### Records to use:
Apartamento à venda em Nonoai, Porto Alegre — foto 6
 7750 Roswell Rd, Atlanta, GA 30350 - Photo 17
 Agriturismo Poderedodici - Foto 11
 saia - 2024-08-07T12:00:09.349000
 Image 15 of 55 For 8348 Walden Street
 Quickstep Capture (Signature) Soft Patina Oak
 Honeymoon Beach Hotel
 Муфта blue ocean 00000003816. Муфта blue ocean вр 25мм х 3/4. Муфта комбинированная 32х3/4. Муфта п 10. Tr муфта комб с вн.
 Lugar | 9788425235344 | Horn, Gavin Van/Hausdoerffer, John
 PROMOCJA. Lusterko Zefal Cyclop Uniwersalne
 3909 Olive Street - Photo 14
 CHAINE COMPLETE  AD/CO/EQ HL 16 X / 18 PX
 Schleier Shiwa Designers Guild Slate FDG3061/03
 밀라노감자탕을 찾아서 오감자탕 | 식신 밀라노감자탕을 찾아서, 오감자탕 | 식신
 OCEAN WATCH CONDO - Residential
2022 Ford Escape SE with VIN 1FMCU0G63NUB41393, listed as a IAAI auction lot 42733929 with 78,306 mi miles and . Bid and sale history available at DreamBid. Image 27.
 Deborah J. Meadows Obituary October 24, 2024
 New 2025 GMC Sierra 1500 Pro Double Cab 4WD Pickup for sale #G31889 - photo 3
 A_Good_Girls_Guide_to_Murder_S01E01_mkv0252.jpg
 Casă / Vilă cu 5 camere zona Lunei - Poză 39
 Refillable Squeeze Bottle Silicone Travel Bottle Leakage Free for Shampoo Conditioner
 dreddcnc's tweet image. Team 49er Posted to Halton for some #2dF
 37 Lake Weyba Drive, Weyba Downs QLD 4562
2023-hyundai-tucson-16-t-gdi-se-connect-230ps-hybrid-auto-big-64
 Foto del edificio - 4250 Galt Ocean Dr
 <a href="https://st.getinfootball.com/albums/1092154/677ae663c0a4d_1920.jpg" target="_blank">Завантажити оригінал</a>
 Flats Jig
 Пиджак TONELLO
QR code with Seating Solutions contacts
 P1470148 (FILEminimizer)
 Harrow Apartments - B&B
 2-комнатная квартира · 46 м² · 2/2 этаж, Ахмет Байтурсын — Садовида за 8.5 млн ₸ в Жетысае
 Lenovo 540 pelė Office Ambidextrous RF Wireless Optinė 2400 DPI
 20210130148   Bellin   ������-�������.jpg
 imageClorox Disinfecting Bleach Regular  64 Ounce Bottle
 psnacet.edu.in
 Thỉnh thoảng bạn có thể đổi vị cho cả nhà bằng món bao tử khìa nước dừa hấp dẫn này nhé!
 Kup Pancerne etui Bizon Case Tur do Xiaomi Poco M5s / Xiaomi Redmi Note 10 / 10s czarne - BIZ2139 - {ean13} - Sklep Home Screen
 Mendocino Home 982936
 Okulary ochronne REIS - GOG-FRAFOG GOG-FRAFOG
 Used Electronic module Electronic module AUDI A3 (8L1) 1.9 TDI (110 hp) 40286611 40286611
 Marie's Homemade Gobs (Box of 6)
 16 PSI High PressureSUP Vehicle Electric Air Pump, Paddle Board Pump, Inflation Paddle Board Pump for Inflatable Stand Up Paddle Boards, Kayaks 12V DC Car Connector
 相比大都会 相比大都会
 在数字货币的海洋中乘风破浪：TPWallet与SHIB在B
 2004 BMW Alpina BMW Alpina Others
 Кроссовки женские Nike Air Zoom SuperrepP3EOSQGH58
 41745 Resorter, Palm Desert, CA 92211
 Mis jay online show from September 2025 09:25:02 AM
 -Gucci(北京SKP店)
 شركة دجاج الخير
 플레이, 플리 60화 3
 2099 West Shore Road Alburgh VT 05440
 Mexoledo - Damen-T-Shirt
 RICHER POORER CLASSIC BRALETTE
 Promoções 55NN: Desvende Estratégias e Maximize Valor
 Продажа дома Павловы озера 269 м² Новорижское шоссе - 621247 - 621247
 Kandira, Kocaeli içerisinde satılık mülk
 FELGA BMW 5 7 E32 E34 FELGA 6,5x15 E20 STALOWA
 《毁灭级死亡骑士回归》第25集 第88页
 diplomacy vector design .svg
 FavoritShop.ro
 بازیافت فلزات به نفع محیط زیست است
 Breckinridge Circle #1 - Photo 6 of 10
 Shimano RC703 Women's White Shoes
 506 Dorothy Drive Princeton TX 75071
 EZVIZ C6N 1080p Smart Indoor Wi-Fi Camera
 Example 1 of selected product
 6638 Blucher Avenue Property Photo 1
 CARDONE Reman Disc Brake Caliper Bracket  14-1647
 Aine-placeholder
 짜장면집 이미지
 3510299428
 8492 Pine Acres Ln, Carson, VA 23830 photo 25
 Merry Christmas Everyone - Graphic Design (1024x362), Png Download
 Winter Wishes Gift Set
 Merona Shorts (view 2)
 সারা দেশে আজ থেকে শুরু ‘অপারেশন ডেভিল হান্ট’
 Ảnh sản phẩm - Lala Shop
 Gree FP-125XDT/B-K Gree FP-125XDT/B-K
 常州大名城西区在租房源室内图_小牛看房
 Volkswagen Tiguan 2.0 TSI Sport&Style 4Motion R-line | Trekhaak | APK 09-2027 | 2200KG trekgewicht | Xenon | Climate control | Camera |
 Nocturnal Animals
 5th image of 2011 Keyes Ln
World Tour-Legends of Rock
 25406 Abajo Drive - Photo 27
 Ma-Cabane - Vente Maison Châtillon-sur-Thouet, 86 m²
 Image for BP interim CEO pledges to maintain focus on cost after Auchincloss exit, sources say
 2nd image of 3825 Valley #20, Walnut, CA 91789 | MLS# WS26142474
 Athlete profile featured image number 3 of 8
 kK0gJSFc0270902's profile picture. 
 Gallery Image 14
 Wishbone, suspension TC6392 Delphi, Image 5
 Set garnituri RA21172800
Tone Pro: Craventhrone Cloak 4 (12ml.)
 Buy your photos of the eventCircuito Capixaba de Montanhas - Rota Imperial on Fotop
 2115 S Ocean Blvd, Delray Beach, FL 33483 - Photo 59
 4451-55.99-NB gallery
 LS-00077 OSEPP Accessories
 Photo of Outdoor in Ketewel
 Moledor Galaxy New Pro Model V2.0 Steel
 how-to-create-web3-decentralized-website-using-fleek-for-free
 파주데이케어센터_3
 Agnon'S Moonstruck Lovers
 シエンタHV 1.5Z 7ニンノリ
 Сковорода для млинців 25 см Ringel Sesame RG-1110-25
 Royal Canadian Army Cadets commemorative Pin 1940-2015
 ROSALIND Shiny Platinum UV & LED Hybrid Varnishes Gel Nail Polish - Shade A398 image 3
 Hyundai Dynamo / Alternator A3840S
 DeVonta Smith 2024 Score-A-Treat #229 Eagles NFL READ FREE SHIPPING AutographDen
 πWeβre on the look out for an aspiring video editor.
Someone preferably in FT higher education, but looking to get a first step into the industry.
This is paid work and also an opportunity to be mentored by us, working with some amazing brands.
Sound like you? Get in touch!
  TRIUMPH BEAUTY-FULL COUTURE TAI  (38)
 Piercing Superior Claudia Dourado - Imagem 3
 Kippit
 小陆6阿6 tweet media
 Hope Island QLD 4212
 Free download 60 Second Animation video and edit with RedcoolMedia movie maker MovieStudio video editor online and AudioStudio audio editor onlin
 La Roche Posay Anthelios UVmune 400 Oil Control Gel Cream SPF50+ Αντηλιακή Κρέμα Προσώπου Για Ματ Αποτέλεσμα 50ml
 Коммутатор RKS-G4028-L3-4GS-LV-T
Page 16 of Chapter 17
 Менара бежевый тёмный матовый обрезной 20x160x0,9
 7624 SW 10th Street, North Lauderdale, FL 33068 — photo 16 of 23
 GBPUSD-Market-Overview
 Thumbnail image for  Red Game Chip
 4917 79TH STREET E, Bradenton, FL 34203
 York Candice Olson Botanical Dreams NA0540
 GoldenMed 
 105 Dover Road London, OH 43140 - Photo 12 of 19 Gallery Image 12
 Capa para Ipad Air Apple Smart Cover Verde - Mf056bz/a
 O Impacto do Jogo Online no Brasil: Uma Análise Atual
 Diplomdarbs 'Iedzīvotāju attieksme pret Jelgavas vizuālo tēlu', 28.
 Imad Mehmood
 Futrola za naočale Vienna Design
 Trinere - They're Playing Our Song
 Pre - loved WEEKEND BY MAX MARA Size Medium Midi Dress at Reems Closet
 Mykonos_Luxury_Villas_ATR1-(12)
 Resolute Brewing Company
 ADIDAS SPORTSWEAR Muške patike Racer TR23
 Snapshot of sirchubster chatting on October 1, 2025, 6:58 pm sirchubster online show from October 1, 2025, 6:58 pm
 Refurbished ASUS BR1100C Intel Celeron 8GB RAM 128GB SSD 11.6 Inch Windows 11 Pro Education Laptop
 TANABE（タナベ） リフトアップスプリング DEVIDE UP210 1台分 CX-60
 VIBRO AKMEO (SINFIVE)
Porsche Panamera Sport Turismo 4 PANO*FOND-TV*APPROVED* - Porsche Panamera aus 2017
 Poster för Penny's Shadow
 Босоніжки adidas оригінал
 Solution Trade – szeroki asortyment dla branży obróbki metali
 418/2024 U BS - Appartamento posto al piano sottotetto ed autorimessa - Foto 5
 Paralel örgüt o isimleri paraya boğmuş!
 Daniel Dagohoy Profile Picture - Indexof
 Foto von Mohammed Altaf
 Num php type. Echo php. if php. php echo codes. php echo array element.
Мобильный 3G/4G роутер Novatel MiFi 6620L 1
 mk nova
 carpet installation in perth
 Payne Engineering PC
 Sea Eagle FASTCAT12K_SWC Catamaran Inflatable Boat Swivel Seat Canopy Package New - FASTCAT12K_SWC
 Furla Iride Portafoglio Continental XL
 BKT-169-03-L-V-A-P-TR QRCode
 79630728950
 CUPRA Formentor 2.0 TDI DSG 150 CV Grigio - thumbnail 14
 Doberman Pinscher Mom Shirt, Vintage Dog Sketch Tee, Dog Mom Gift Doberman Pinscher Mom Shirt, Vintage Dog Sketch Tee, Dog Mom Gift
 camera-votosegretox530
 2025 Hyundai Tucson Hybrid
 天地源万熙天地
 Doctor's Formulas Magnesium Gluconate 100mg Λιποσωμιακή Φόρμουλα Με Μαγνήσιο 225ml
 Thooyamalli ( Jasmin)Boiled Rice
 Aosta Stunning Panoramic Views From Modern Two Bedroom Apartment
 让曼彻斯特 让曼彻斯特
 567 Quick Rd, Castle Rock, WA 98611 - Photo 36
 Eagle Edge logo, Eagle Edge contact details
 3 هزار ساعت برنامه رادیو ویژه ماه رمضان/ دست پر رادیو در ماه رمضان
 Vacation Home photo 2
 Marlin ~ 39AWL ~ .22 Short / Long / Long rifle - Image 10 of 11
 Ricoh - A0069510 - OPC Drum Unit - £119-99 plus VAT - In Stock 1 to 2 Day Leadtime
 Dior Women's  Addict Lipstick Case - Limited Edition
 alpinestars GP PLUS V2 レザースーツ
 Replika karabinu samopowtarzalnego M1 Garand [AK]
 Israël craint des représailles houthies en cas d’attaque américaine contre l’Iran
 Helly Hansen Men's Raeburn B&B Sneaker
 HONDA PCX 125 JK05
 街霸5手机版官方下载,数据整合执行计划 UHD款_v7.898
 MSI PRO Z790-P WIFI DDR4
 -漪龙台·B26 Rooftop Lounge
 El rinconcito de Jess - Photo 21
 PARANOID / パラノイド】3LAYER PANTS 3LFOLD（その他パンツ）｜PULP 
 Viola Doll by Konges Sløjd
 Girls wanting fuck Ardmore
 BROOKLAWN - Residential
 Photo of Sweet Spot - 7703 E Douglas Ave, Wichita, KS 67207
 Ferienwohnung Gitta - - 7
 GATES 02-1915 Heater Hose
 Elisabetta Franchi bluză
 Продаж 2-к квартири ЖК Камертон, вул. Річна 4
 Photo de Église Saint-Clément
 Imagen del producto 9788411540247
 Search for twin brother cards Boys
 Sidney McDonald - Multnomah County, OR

### How to complete this task:
Would you please copy every line from the listing above that contains the word "sale"?

### Written answer:
2022 Ford Escape SE with VIN 1FMCU0G63NUB41393, listed as a IAAI auction lot 42733929 with 78,306 mi miles and . Bid and sale history available at DreamBid. Image 27.
 New 2025 GMC Sierra 1500 Pro Double Cab 4WD Pickup for sale #G31889 - photo 3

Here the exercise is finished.